Records excerpted from a collection:
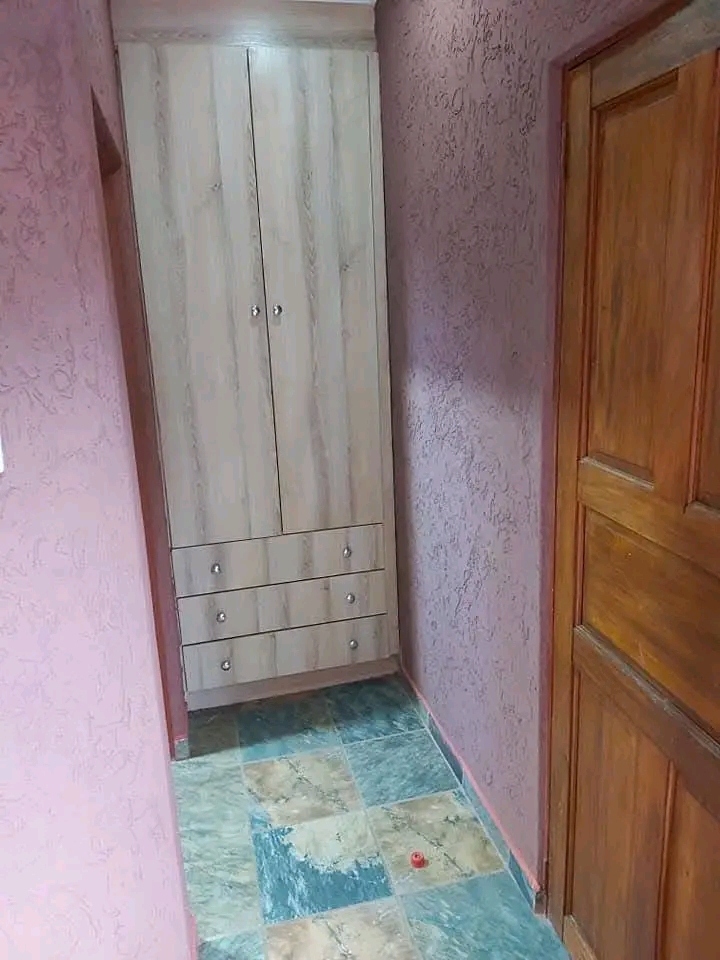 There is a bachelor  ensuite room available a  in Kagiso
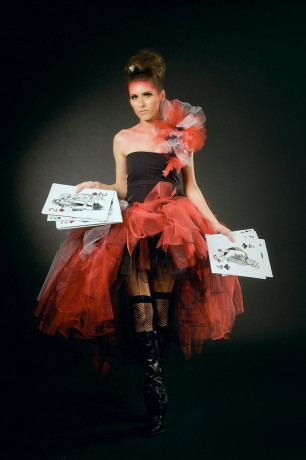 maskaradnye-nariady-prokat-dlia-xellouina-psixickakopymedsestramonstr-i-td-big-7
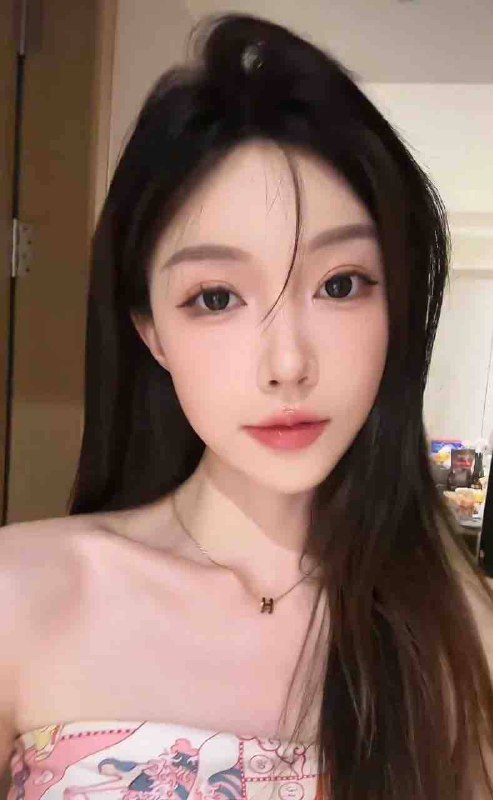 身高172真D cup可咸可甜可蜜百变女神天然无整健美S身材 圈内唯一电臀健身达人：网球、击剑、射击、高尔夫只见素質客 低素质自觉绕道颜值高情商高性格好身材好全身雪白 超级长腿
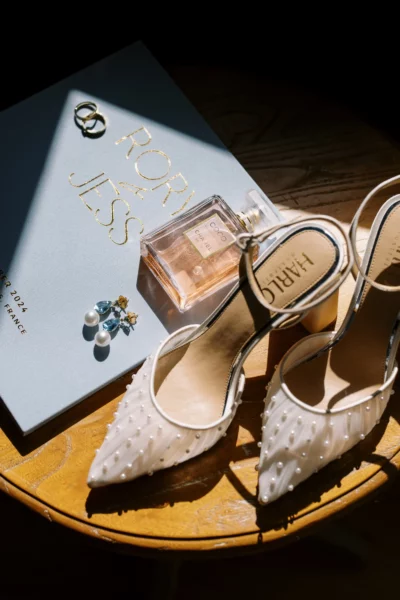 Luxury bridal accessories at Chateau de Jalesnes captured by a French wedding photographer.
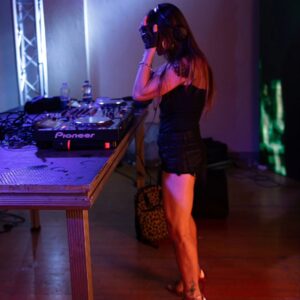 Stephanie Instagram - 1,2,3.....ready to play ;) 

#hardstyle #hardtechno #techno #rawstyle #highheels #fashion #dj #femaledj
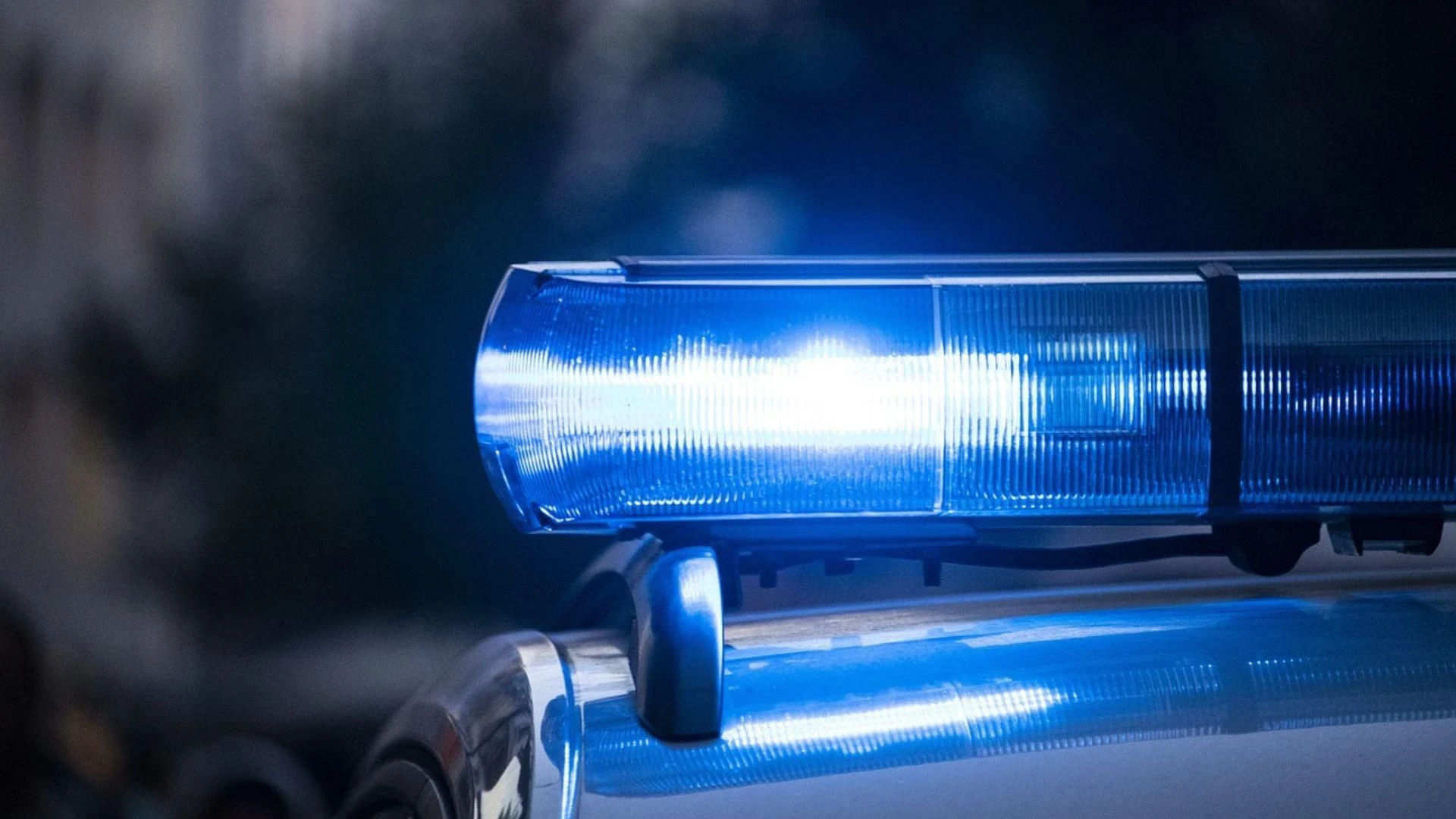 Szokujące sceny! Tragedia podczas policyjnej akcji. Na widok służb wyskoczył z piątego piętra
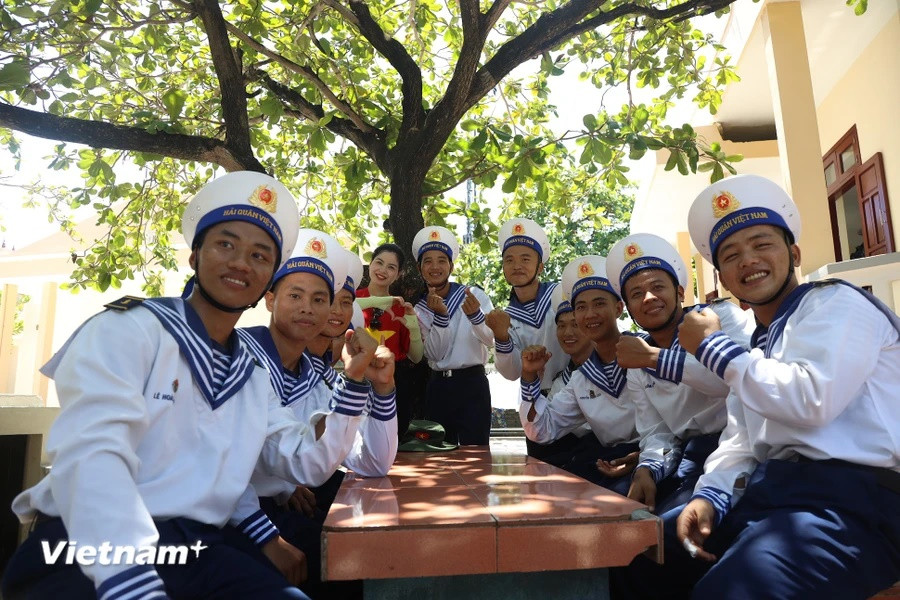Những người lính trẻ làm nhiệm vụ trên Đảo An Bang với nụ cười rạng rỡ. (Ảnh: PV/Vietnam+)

ABOUT THIS TASK: When you reproduce the entries above, keep every word exact and leave the images out.

YOUR RESPONSE:
 There is a bachelor  ensuite room available a  in Kagiso
 maskaradnye-nariady-prokat-dlia-xellouina-psixickakopymedsestramonstr-i-td-big-7
 身高172真D cup可咸可甜可蜜百变女神天然无整健美S身材 圈内唯一电臀健身达人：网球、击剑、射击、高尔夫只见素質客 低素质自觉绕道颜值高情商高性格好身材好全身雪白 超级长腿
 Luxury bridal accessories at Chateau de Jalesnes captured by a French wedding photographer.
 Stephanie Instagram - 1,2,3.....ready to play ;) 

#hardstyle #hardtechno #techno #rawstyle #highheels #fashion #dj #femaledj
 Szokujące sceny! Tragedia podczas policyjnej akcji. Na widok służb wyskoczył z piątego piętra
Những người lính trẻ làm nhiệm vụ trên Đảo An Bang với nụ cười rạng rỡ. (Ảnh: PV/Vietnam+)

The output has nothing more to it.